US law firm Littler Mendelson and Washington lobbyists Prime Policy Group have launched an “employer-focused” group aimed at developing policy responses to the technology-induced displacement of employees, which it calls ‘TIDE,’ and concerns about protections for gig workers. Michael Lotito, who co-chairs Littler’s workplace policy institute, told Bloomberg Law that the gig economy drew comparisons with the 1930s when policymakers started to think about the kind of rules needed to govern a newly emerging workplace. Mr Lotito said, ‘We believe that we have to bring together not only companies but also government and other interested parties in order to figure this out.’

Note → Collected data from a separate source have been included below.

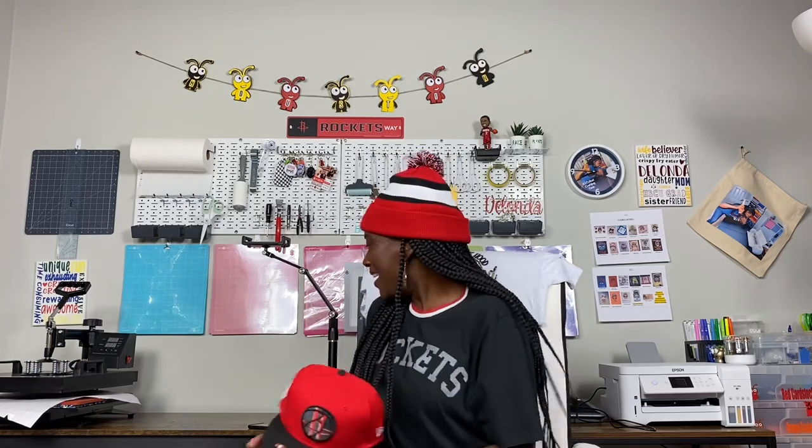Hello cricketers and welcome to Cricketing with Delanda! It's me again, Delanda, and of course I'm wearing my Rockets gear. I did purchase this shirt — this is a new shirt. I'm wearing my Rockets beanie, but I'm also holding this: the newest Rockets snapback cap that will be on display on July 29th. The Rockets get the second pick in the NBA draft and I'm super excited about that!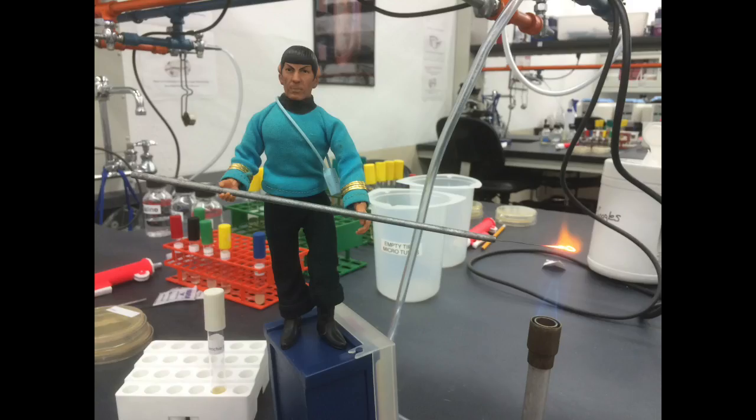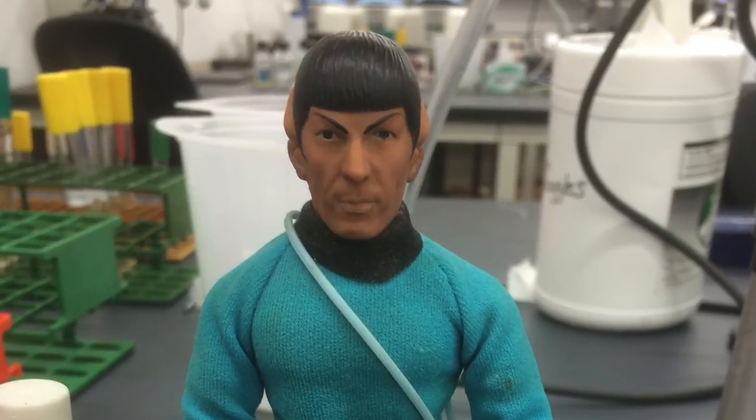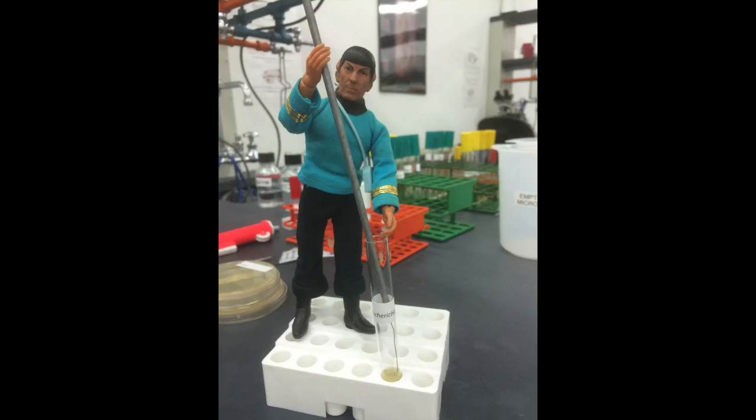Using the Bunsen burner, heat the tip of the loop until it glows. Remember to use caution, as your Bunsen burner is very hot. Allow your loop to cool for approximately 30 seconds, then obtain a sample of culture.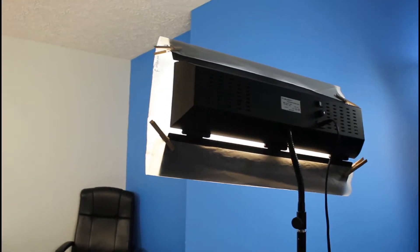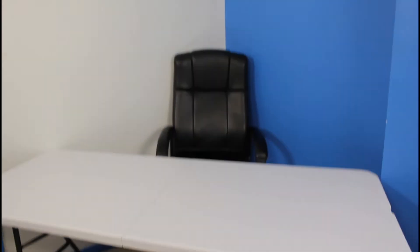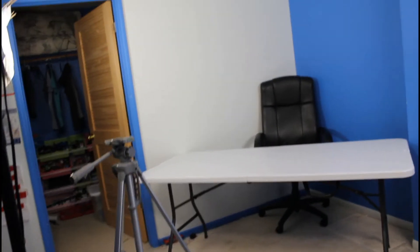I would say these lights — I don't know exactly how much they cost, maybe $100 each, probably more. Tripod, $50. Table, $50. Chair, $50. And the lights I'm going to be getting are umbrella lights. If you don't know what those are, I will be showing you in another video.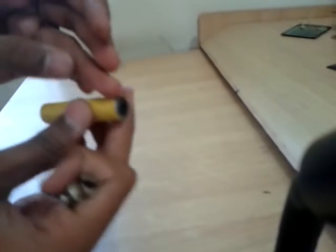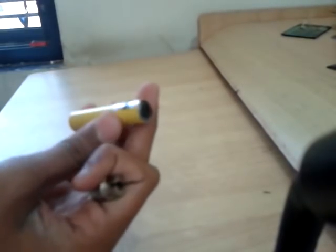First, you have to remove or cut the body of the laser pointer directly at that line. Then you have to carefully remove the lens from the front part of the laser. You can get this lens — I have already removed it. You get this lens.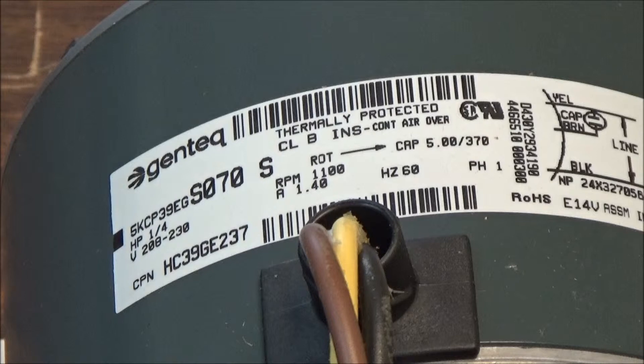When you change this motor, your concern should be the horsepower, the RPM, and the rotation. But the best way to identify the motor is to call us with the model number of the unit. If it's an indoor unit, we'll need the model number of the indoor unit; if it's for the outdoor unit, we'll need the model number off of that outdoor unit. You can give us a call or shoot us an email and we will identify the correct motor for you.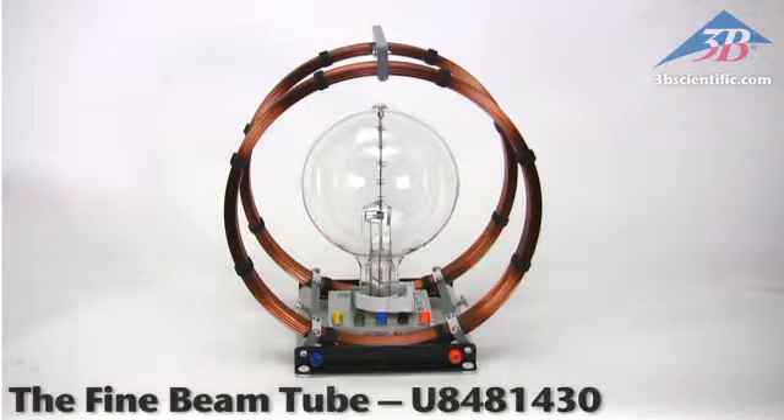The Fine Beam Tube, item number U8481430 from 3B Scientific.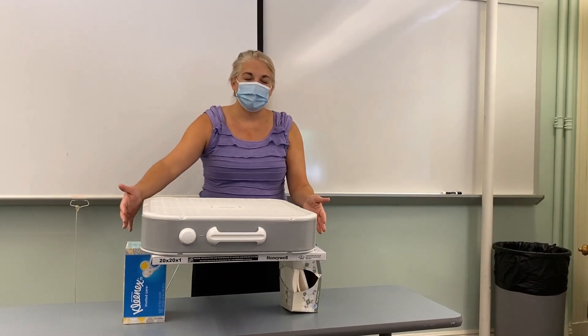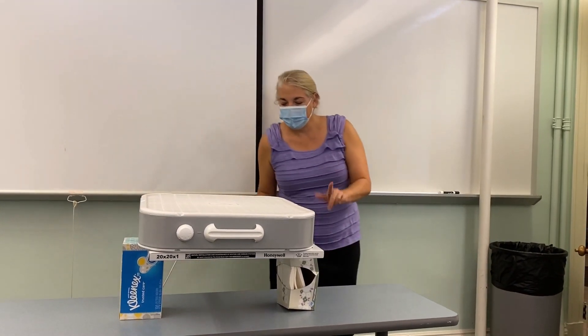It would be best if you could get at least MERV-10 up to MERV-13, which is the best protection, but there's no MERV-13 filters to be found in Southwest New Hampshire, so we're doing MERV-10, and it's fine. You want to suspend it so the air is going up.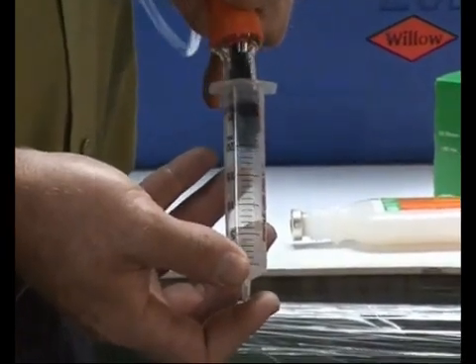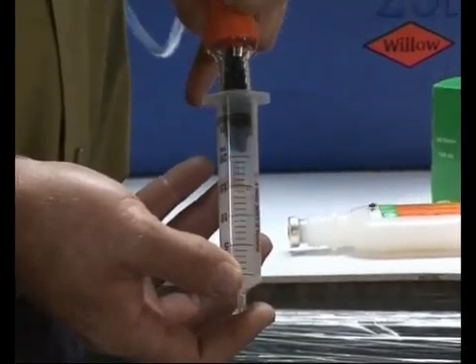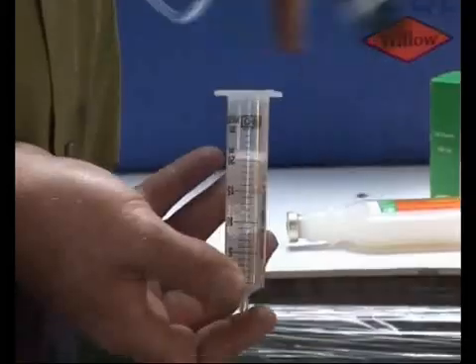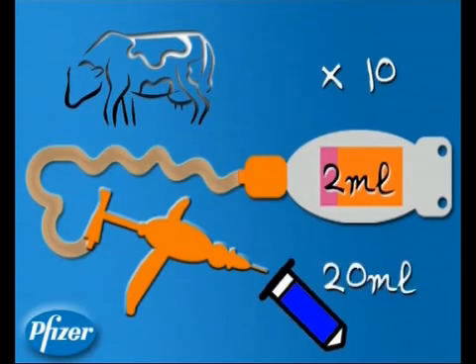A syringe with the plunger removed and the needle end blocked off will suffice. Ensure that the total volume dispensed is equal to the multiple of the doses dispensed. It may be necessary to get a new vaccinator if fine adjustment is not possible. So if you vaccinated 10 animals with 2 mils each, you should have 20 mils in the syringe.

Automation in the workplace
The coalition comes as the Trump administration and lawmakers in Congress are examining how automation and artificial intelligence may replace workers in the workplace. As many as 375 million workers worldwide may need to change careers in the next 12 years due to automation, according to the McKinsey Global Institute. The firms said employers should 'take it upon themselves to work together to put themselves and their workers in the best possible position to prepare for the TIDE, adapting and adjusting to the sweeping changes that emerging technologies promise to bring.'
The US Department of Labor (DOL) in the two years under President Trump has focused largely on apprenticeships as a way to give workers the skills that employers need today. Littler and Prime last year urged the DOL to join with other agencies to develop a strategic plan to train workers in automated systems and prepare for technology-based layoffs. The firms also issued a recent report raising concerns expressed by a wide array of research, advocacy, corporate, labour, and government groups about training workers for the new and different jobs that may be coming soon. The firms reference some of the potential policy responses to changes in the workplace, including a new legal classification for gig workers and universal basic income. But the report is largely intended to jump-start a conversation they say already is shifting policy in China, Japan, Germany, and other countries.